• _WHAT TO PRODUCE_
From the records below, copy every line that contains the word "South".

• _DATA FOR PROCESSING_

§

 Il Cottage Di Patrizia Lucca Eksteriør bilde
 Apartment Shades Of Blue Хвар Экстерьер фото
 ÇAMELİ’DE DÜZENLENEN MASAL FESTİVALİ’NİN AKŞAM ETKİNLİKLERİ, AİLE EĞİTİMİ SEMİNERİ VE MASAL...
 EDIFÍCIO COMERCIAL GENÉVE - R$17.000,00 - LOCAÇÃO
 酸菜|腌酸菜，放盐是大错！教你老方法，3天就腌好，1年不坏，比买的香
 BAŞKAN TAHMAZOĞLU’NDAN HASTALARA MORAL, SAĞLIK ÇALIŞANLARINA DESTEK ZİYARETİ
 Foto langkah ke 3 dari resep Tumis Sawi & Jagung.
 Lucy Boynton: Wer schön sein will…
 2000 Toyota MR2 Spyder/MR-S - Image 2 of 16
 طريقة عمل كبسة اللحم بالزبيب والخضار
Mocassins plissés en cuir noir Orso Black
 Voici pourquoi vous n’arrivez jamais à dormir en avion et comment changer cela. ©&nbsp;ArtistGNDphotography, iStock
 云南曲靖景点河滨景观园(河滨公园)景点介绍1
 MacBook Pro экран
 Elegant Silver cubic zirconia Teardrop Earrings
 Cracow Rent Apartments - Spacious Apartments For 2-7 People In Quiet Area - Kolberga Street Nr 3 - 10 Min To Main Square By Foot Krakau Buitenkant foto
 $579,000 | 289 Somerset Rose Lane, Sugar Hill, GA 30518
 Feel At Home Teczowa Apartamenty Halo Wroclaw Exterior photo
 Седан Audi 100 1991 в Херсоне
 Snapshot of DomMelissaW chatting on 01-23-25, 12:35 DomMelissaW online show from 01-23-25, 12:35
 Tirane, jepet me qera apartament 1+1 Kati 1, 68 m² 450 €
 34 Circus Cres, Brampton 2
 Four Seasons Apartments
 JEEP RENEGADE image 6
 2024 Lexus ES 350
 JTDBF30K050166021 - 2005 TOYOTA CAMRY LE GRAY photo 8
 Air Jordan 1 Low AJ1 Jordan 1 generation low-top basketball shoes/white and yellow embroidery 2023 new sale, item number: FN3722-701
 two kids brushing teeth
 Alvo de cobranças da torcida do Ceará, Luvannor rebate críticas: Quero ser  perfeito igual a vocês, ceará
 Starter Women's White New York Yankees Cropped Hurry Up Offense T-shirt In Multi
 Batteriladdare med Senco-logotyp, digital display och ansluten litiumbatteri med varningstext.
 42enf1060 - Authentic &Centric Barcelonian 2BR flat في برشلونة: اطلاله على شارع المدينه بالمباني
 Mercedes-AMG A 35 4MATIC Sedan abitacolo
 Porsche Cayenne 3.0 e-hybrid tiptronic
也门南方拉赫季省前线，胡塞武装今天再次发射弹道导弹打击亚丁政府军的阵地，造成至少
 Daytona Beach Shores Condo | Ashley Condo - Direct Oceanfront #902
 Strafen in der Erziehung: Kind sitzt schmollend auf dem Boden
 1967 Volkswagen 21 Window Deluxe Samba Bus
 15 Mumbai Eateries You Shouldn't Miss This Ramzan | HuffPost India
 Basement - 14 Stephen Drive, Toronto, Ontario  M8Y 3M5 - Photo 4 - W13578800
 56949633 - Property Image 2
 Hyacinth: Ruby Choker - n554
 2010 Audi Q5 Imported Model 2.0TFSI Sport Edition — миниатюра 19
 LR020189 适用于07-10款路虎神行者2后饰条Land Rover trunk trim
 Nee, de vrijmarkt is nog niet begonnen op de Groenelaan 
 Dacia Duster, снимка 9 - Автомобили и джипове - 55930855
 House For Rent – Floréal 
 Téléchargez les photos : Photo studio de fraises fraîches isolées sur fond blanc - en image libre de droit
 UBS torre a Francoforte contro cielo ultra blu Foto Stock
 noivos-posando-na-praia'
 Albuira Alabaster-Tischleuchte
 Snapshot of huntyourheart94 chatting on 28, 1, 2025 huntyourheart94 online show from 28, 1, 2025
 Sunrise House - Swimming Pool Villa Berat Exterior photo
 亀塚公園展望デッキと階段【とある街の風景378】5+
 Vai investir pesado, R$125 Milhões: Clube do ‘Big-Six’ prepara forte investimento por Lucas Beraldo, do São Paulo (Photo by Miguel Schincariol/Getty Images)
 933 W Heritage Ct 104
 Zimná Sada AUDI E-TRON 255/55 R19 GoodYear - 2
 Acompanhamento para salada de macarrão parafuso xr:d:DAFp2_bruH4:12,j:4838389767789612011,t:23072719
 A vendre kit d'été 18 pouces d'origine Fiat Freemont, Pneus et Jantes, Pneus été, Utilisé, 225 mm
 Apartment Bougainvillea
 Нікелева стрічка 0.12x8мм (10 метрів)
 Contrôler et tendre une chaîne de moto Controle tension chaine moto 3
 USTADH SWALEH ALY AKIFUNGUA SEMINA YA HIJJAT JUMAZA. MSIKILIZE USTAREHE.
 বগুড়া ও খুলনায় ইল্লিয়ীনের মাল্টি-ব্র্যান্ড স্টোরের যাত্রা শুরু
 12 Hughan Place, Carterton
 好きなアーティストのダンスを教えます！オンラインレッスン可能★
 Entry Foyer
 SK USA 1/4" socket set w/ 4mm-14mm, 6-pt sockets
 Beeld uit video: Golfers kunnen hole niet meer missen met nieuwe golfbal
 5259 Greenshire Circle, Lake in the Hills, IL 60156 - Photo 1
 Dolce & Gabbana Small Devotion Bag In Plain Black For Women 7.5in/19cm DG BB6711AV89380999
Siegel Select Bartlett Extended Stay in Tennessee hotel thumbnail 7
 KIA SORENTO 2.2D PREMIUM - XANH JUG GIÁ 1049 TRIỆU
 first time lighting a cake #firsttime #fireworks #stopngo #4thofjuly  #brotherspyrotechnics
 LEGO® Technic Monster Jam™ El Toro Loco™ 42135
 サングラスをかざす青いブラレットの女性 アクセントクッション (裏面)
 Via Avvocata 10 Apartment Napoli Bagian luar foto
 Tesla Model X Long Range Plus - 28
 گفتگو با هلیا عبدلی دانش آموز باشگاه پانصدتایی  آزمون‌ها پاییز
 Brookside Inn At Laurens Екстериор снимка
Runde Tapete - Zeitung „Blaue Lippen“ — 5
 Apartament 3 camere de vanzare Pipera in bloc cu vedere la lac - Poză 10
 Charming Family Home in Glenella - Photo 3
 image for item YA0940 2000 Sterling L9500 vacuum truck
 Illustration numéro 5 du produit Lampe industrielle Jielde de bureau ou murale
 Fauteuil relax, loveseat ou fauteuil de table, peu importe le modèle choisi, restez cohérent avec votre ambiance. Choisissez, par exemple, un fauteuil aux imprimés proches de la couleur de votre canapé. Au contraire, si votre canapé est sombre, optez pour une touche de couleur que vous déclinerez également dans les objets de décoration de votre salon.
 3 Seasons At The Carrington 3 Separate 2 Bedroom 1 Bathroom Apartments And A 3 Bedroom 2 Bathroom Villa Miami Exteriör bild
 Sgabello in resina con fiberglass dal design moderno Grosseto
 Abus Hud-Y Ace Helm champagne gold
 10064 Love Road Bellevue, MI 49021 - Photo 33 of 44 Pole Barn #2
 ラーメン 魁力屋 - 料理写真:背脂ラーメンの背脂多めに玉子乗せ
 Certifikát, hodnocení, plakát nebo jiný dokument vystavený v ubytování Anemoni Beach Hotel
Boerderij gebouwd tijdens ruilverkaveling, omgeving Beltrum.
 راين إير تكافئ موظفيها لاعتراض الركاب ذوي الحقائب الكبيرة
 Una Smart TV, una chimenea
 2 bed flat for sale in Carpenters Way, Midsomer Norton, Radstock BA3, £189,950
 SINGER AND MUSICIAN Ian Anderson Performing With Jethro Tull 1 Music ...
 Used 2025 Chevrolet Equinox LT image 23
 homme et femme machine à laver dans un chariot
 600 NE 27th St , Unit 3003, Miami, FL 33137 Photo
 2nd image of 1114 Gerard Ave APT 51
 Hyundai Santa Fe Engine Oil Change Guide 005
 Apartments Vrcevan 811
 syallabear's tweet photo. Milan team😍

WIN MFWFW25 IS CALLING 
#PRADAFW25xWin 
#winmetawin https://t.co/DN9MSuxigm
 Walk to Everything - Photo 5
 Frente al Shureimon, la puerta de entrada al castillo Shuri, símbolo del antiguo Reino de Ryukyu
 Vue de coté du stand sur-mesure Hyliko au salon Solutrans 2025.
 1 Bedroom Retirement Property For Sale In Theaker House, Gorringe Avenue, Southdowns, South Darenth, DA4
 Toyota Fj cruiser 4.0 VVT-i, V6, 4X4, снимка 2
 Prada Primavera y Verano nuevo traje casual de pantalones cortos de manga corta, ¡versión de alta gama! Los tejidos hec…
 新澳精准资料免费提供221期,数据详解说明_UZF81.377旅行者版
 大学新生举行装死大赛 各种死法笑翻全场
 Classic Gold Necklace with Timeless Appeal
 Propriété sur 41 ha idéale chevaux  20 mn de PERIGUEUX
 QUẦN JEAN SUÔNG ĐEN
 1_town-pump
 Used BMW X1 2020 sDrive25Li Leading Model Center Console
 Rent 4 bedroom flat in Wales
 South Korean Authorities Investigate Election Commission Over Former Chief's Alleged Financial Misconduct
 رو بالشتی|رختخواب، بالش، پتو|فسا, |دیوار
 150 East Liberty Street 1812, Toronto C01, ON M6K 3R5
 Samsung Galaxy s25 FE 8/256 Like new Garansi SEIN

§

• _ANSWER TO THIS EXERCISE_
 1 Bedroom Retirement Property For Sale In Theaker House, Gorringe Avenue, Southdowns, South Darenth, DA4
 South Korean Authorities Investigate Election Commission Over Former Chief's Alleged Financial Misconduct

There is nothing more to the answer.